A keyword phrase is highly competitive if the term is popular,
with a high SERP/Search Ratio and if the competition has link authority
is optimizing for that term. If the SERPs display more than the standard
10 blue links and are filled with universal listings and numerous PPC
ads, then you have a ringer and a lot of work to compete in that query
space.
Danny Dover (Danny from SEOMoz)
My first act is to view the SERP and see the types of domains that
rank for the term. Are the domains established and names I have heard
of? Are they spammy looking (.biz, .info, excess of hyphens,
misspellings, etc.)? This usually gives me some indication of the
competitiveness of the keyword. If this doesn't answer it for me, I
check the top 5 results in the mozBar to gauge how many linking root
domains these domains have. (This metric is highly correlated to good
rankings right now). Lastly, if I really need more data I use Google's
AdWords Tool to see how many searches there were for the term. This is
not exactly the same as competitiveness of the keywords but it usually
correlates.
For keyword competition, I basically have a feel for SERPs based on:
- Yahoo! SE linkdomain numbers (via SEO for Firefox)

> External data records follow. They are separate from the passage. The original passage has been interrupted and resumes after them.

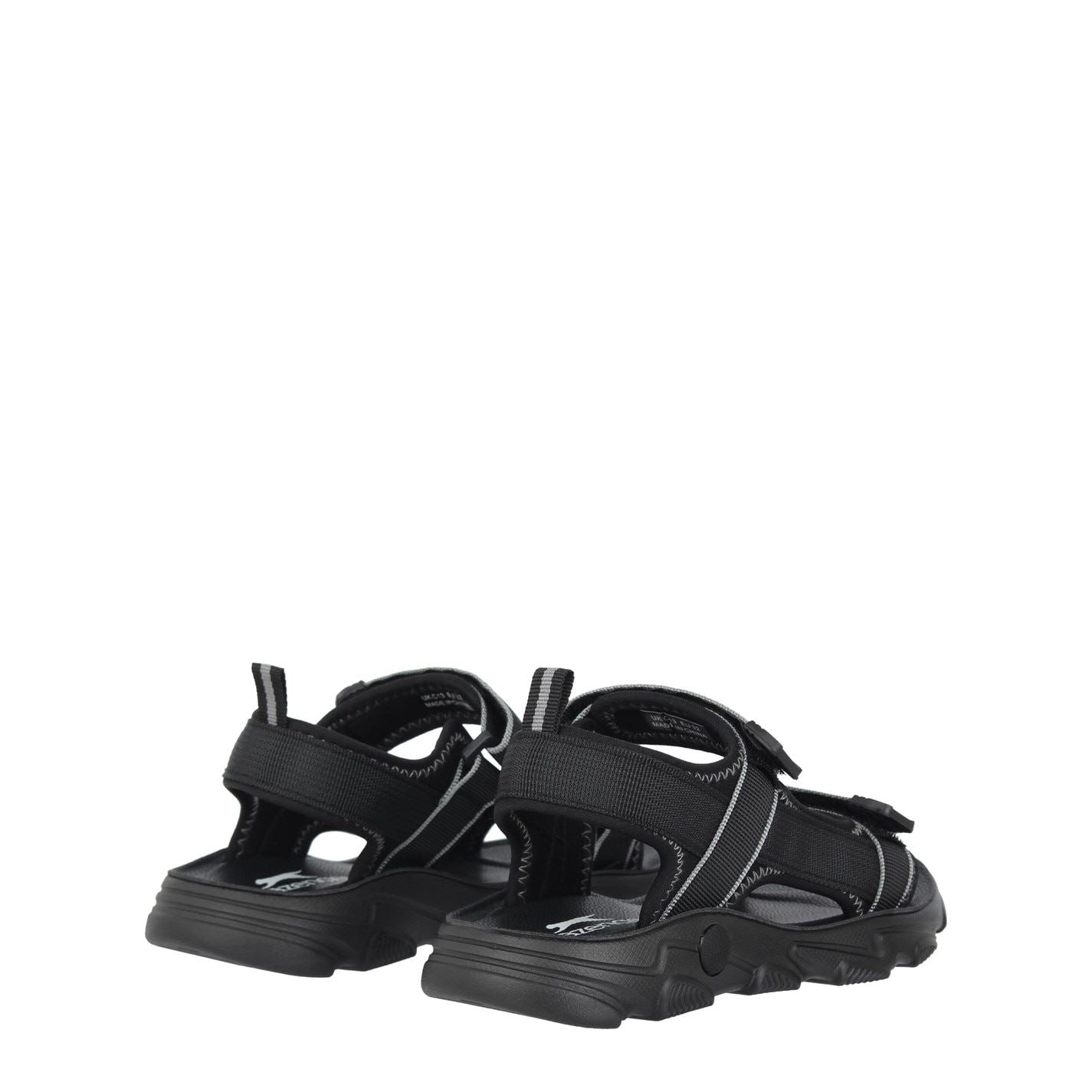 Slazenger Tide Sandals Childrens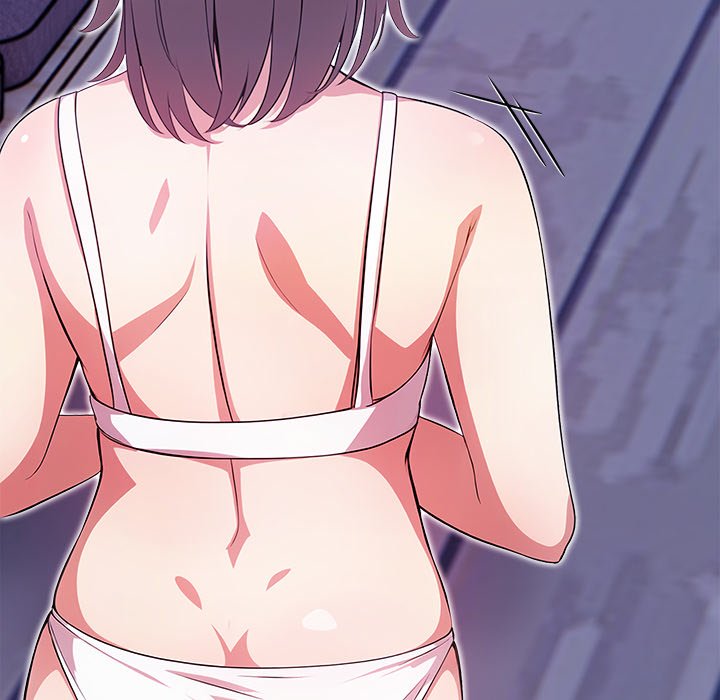 Sun-Kissed Seduction - episode 3 - 193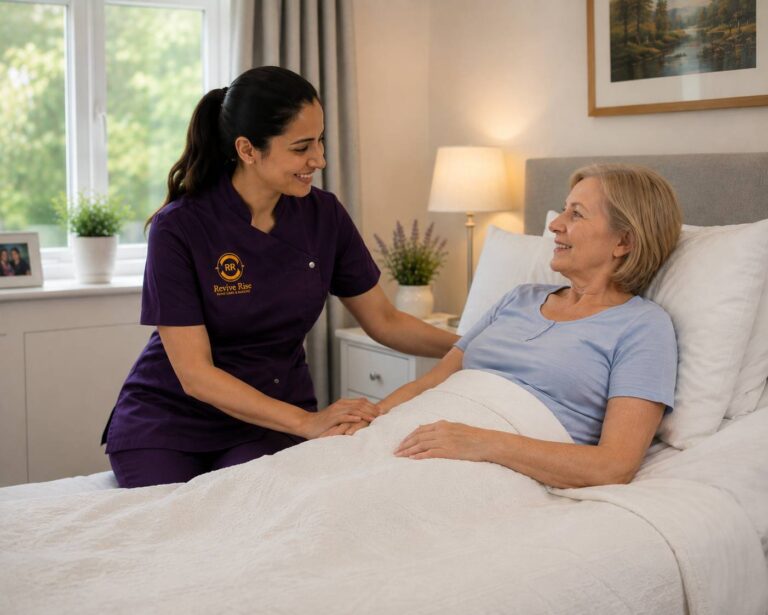 revive_rise_white_patient_compressed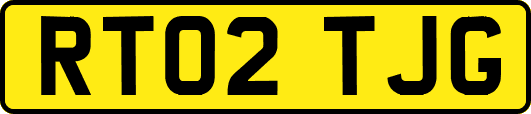 RT02TJG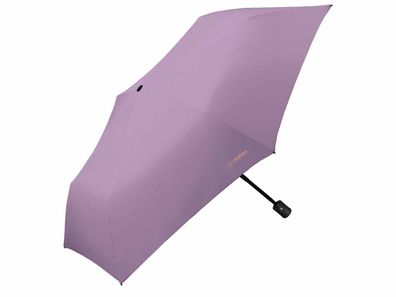 Happy RainTaschen Regenschirm 60400 Easymatic Ø ca. 93 cm leicht stabil windproof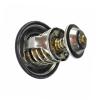 SHESWEET S1632-E9000 Thermostat 82 S0401-66114 Fits For Kobelco SK330-8 SK300-8 SK350-8 SK360-8 J08E Excavator VHS040166104 S1632E9000 S040166114 view 3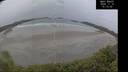 ./images/calvert/beach/20241110/beach20241110_151002M.jpg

- Whether there are exact match domains
- Whether deep pages are ranking (domain authority + a few links) or homepages
- Digging around the top ranking sites' backlinks to get a view to quality
- Any brands in the results
Andrew Shotland (Local SEO Guide)
Achieve #1 ranking for it and reflect on how much of a pain in the ass it was to get there. :)

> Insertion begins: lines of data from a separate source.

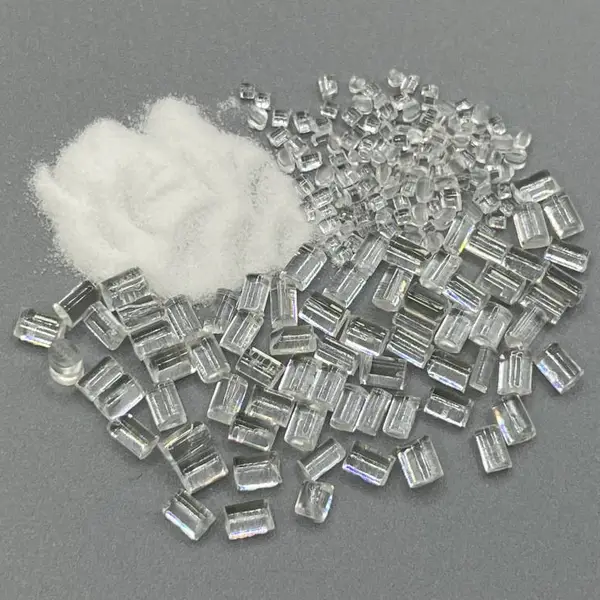 碳纤维上浆剂用苯氧树脂 耐盐雾涂料底漆用树脂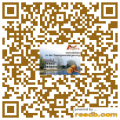 участки Маролтероде Аукцион / выкупа Германия | QR-CODE Land- / Forstwirtschaft in 99994 ...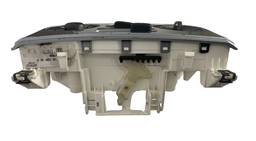 COMANDO AR CONDICIONADO PUNTO LINEA 2008 09/10 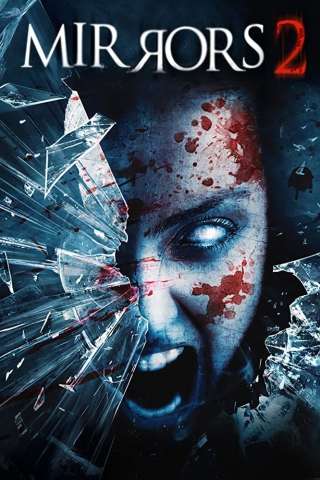 Riflessi di paura 2 streaming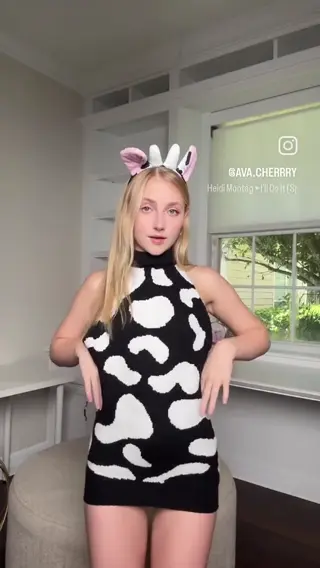 avacherrry leaked video preview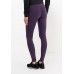 Леггинсы W NSW LEG A SEE LGGNG JDI Nike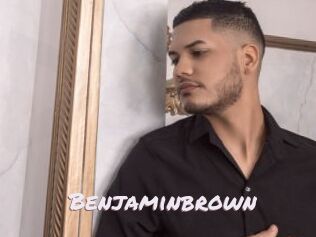 Benjaminbrown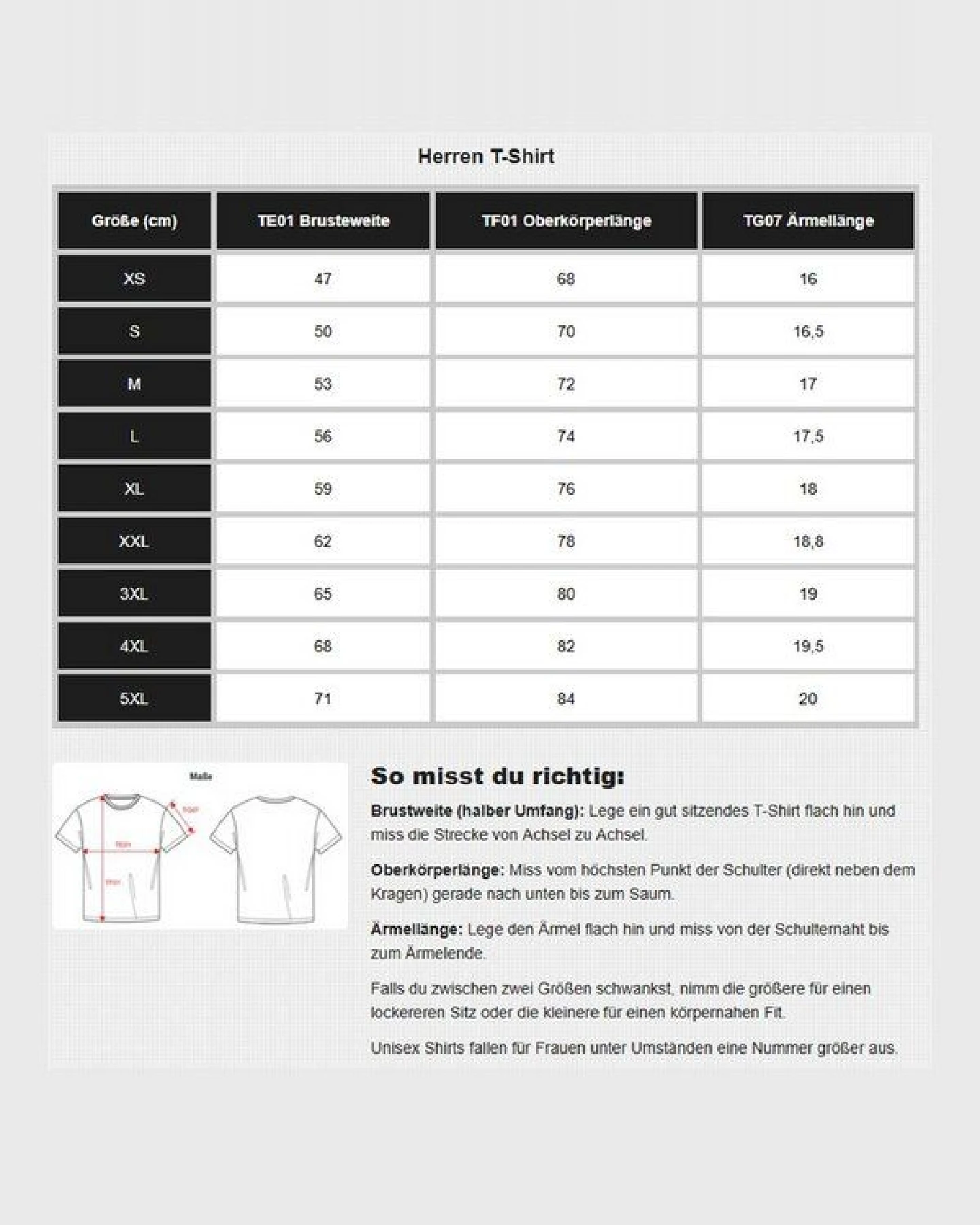 YTWOO Basic Herren T-Shirt aus gekämmter Bio-Baumwolle – Ansicht 2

Glen Allsopp (Viper Chill )
There are a number of ways to determine keyword competitiveness such
as how many links the top sites have or how many results there are
(though this is less accurate). One good way to determine
competitiveness that most people don't look at is how many sites on the
first page are homepages, and how many are communities. Generally,
search engines follow people so if there are a number of large social
sites like forums ranking around your keyphrase, it's going to be hard
to rank above them.
On top of that, I find it far harder to outrank homepages with my
affiliate sites than article pages. If a lot of the results are
homepages, i.e., they end in .com and are not a file name like
/blog/keyphrase-here/, then that could be a sign the phrase is going to
be tough to rank for.
Well, in the old days I would review the SERP for the obvious and
"learn the query space" players, then do G searches using allititle
syntax to ascertain overall title strength, then do all in anchor to see
the amount of linkage. Another recent addition was using exact match
with the terms, which is the most competitive. This basically indicates
the degree of "professional grade optimization" in the query space.

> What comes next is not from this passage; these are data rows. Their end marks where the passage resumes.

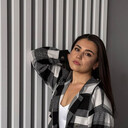 ���������� �����, ���� ������� ���, 28 ���, ������������ ��� c�������� ���������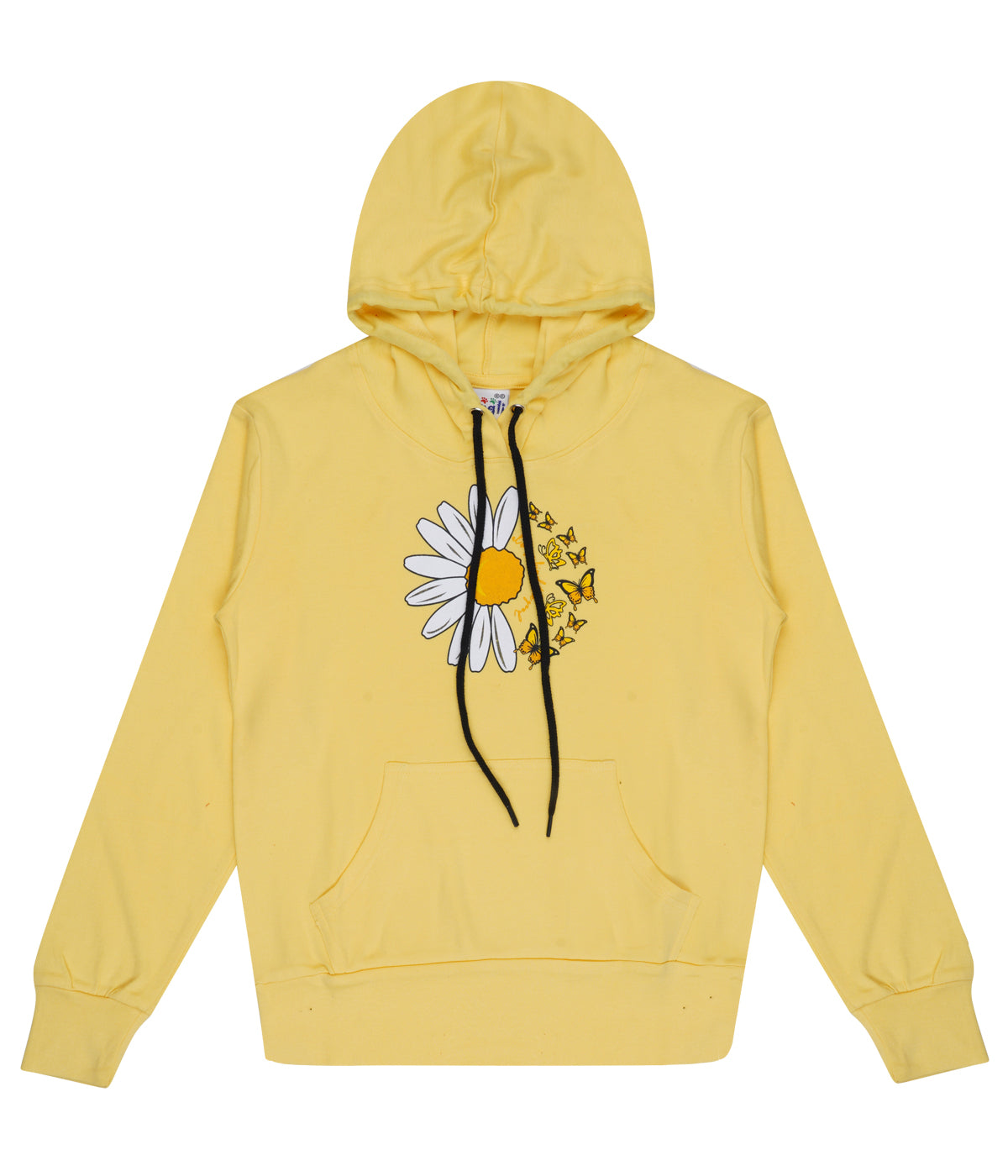 LYELLOW
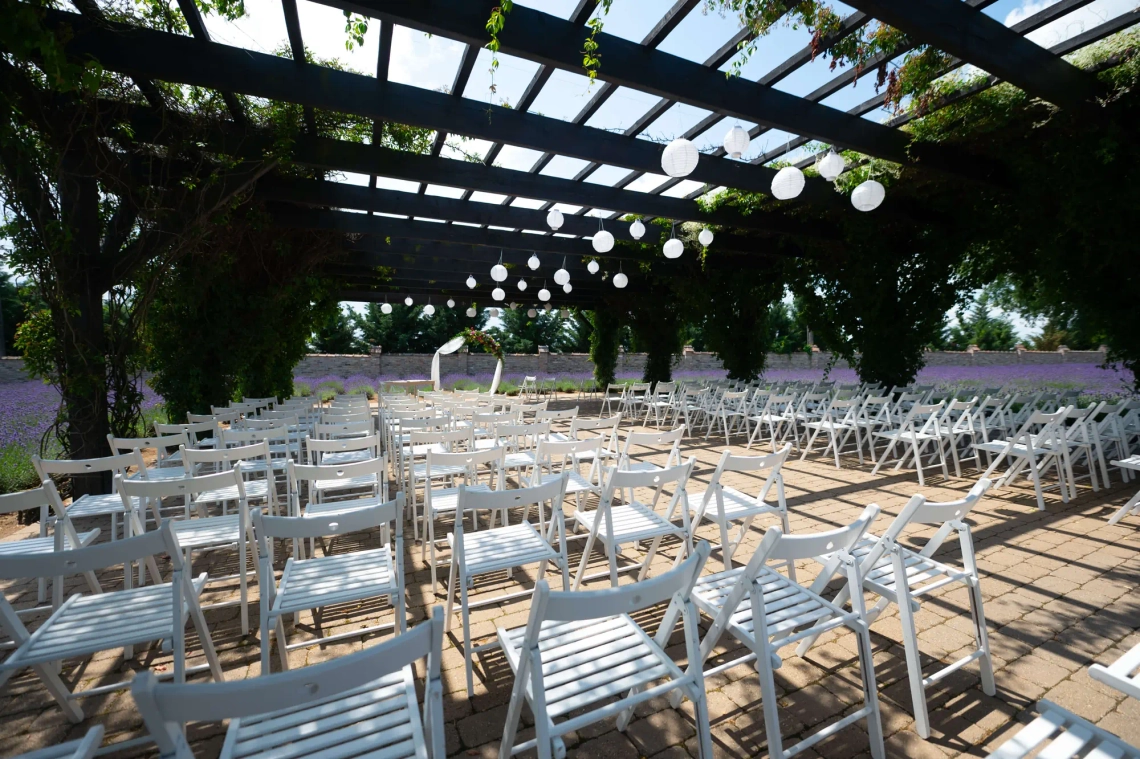 Cinti & Tibi - Kép 3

Currently, I take that a step further with universal search. IMO, you
also have to add a "content" review, i.e., can we use video and other
UNI components like news to fill in spots. IMO, all SEO's should be
taking care when adding video. I was early into that and found the 300
vids we added often blew out the text position and in that case ... no
indented listing just a demotion from above the fold to below the fold
of the SERP since that seems to be where vid ends up. So be sure that
when optimizing vids you do not knock the higher text-based position out
of the SERP.
Manoj Jasra (Jasra Inc. Internet Marketing and Web Analytics World)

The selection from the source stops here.